Maslow was one of the first students to study with Alfred Adler in America, being particularly impressed with Adler’s work helping academically-challenged children to succeed despite their low IQ scores.  Maslow also studied with Erich Fromm, Karen Horney, and Ruth Benedict. Benedict was an anthropologist who encouraged Maslow to gain some field experience. She sponsored a grant application that Maslow received to study the Blackfoot Indians.  During the summer of 1938, Maslow examined the dominance and emotional security of the Blackfoot Indians. He was impressed by their culture, and recognized what he believed was an innate need to experience a sense of purpose in life, a sense of meaning.  A few years later, shortly after the beginning of World War II, Maslow had an epiphany regarding psychology’s failure to understand the true nature of people. He devoted the rest of his life to the study of a hopeful psychology (Gabor, 2000; Hoffman, 1988; Maddi & Costa, 1972).

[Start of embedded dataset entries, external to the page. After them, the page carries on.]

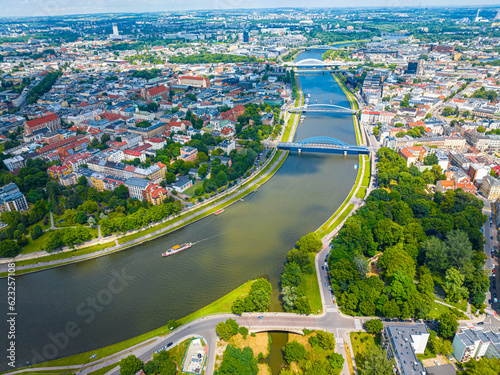 Aerial view of Wawel castle, a fortified residency on the Vistula River in Krakow, Poland, Europe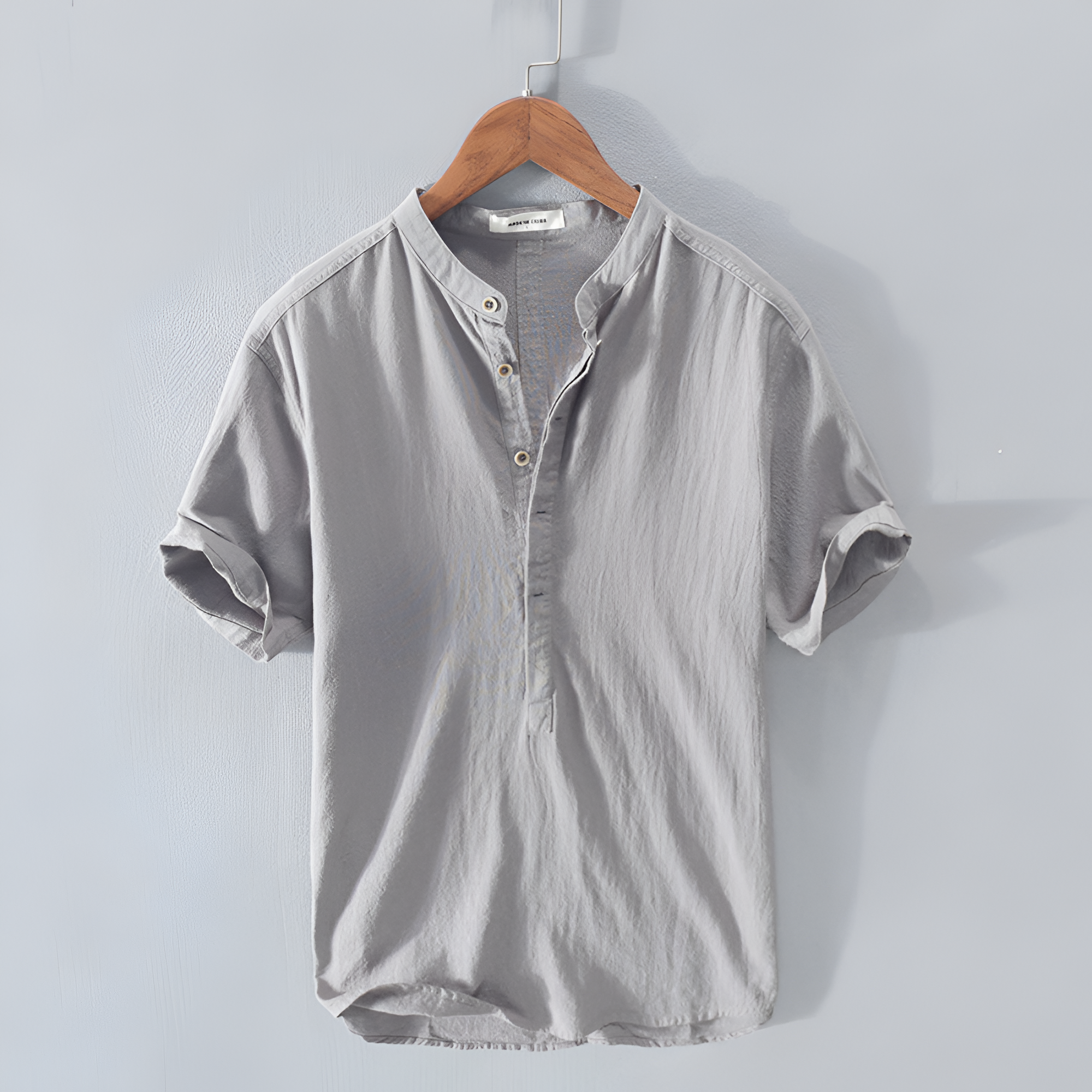 Stand Collar Shirt | Men's Casual Short Sleeve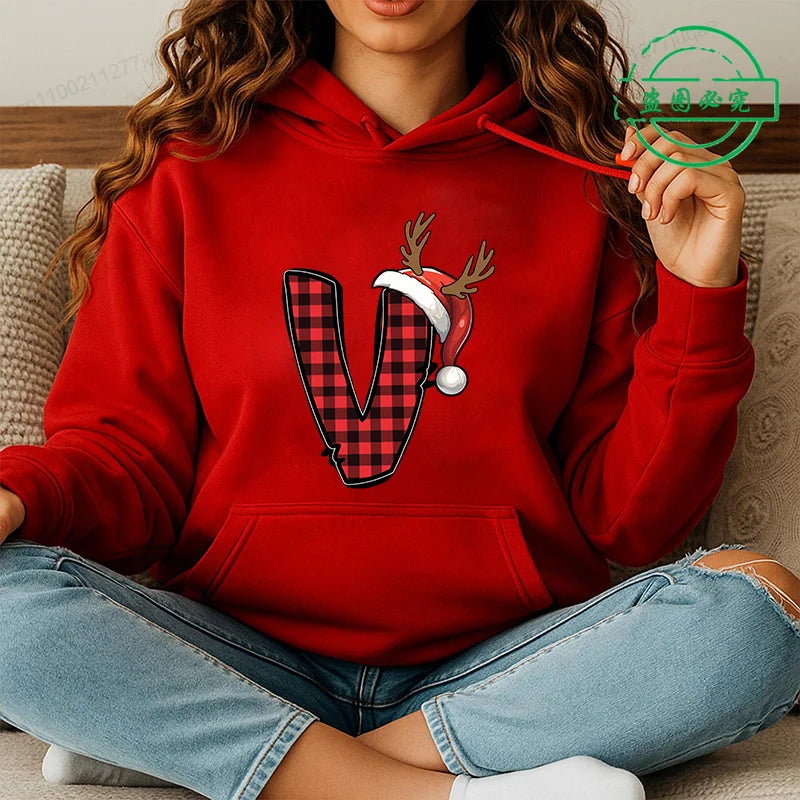 Personalised Santa Family Christmas Hoodie Harajuku Hip Hop Pullover Sweatshirt Santa Alphabet Sportswear Fashion Trends Unisex BAZAARHUBO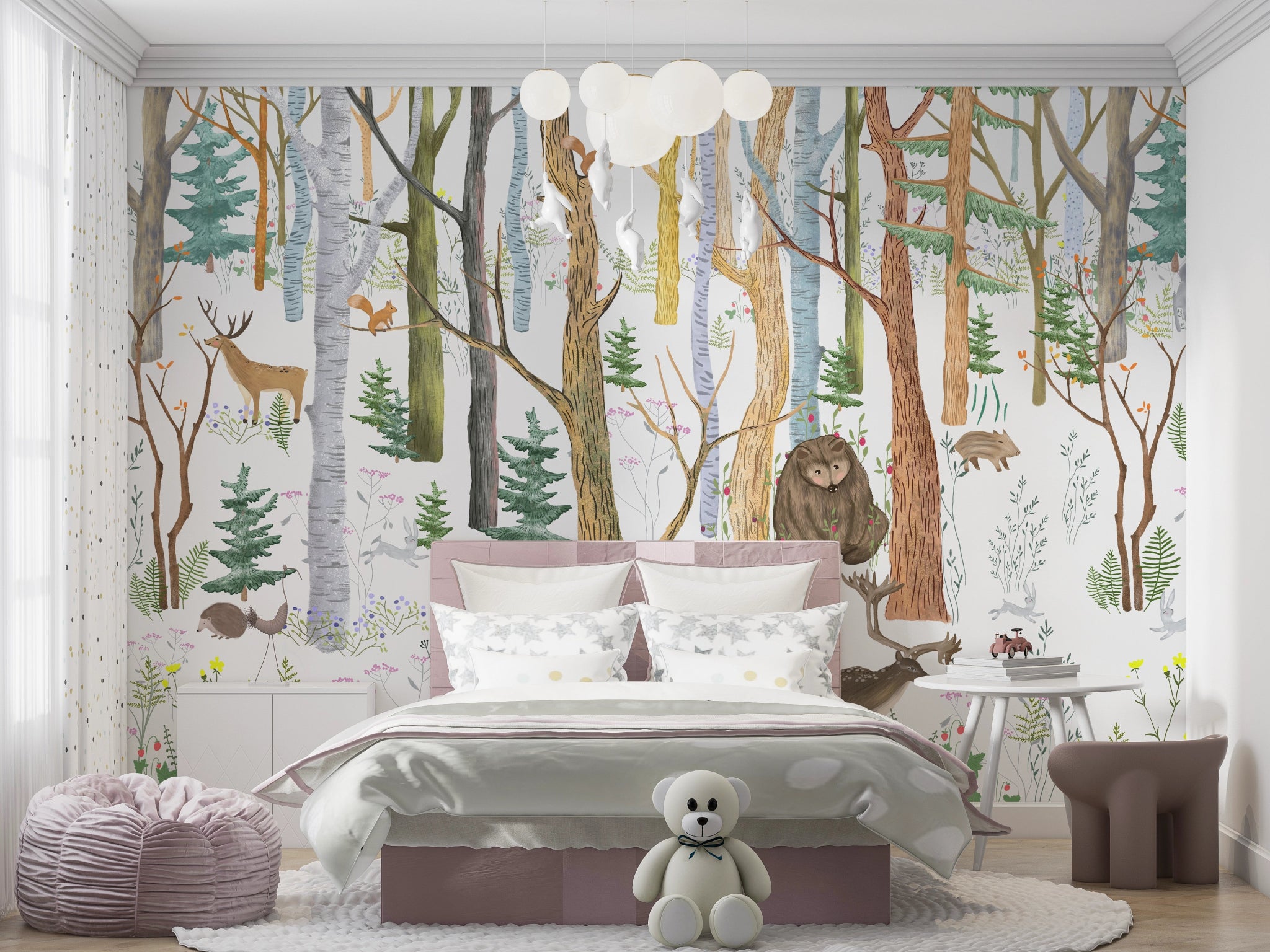 Papier peint forêt chambre enfant - Kam et Léon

Maslow taught for a few years at Brooklyn College, and he also served as the plant manager for the Maslow Cooperage Corporation (from 1947-1949).  In 1951, Maslow was appointed Professor and Chair of the Department of Psychology at Brandeis University, where he conducted the research and wrote the books for which he is most famous.  By the late 1960s, Maslow had become disillusioned with academic life. He had suffered a heart attack in 1966, and seemed somewhat disconnected from the very department he had helped to form.  In 1969, however, he accepted a four year grant from the Laughlin Foundation, primarily to study the philosophy of democracy, economics, and ethics as influenced by humanistic psychology. He had been troubled by what he viewed as a loss of faith in American values, and he was greatly enjoying his time working in California.  He also attended management seminars at the Saga Corporation, urging the participants to commit themselves to humanistic management. One day in June, 1970, he was jogging slowly when he suffered a massive heart attack. He was already dead by the time his wife rushed over to him (Gabor, 2000; Hoffman, 1988; Maddi & Costa, 1972).  He was only 62 years old. Shortly after his death, the International Study Project of Menlo Park, CA published a memorial volume in tribute to Abraham Maslow (International Study Project, 1972).

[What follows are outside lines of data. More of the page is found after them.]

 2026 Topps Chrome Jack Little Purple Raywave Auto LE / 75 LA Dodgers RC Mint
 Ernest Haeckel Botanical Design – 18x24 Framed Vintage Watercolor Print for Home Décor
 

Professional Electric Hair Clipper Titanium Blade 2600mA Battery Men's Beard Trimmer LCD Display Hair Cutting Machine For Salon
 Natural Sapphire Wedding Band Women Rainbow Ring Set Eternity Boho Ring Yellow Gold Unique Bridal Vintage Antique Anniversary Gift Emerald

Placing Maslow in Context:  Beyond Humanistic Psychology

Whereas Carl Rogers is often thought of as the founder of humanistic psychology, in large part because of his emphasis on psychotherapy, it was Maslow who studied, in great detail, the most significant theoretical aspect of it:  self-actualization. In addition to studying self-actualization, he applied it both in psychology and beyond. His application of self-actualization to management continued the classic relationship between psychology and business (which began with John B. Watson and his application of psychological principles to advertising).  Unfortunately, Maslow died just as he was beginning to study his proposed fourth force: transpersonal psychology. Transpersonal psychology offered a connection between psychology and many of the Eastern philosophies associated with Yoga and Buddhism, and also provided a foundation for the study of positive psychology.

Maslow’s interest in business and management has quite possibly led to his being the most famous psychologist of all time, since he is well-known in both psychology and business.  If he had continued being a vocal advocate for transpersonal psychology (if not for his untimely death at an early age), given today’s growing interest in Eastern philosophy and psychology and the establishment of positive psychology as a goal for the field of psychology by former APA President Martin Seligman, Maslow may well have become even more famous.  It is interesting to note that someone so truly visionary seems to have become that way as a result of studying people whom he felt were themselves self-actualized. If positive psychology, the psychology of virtue and values, becomes the heir of Maslow’s goal, it should become a significant force in the field of psychology. That will be Maslow’s true legacy.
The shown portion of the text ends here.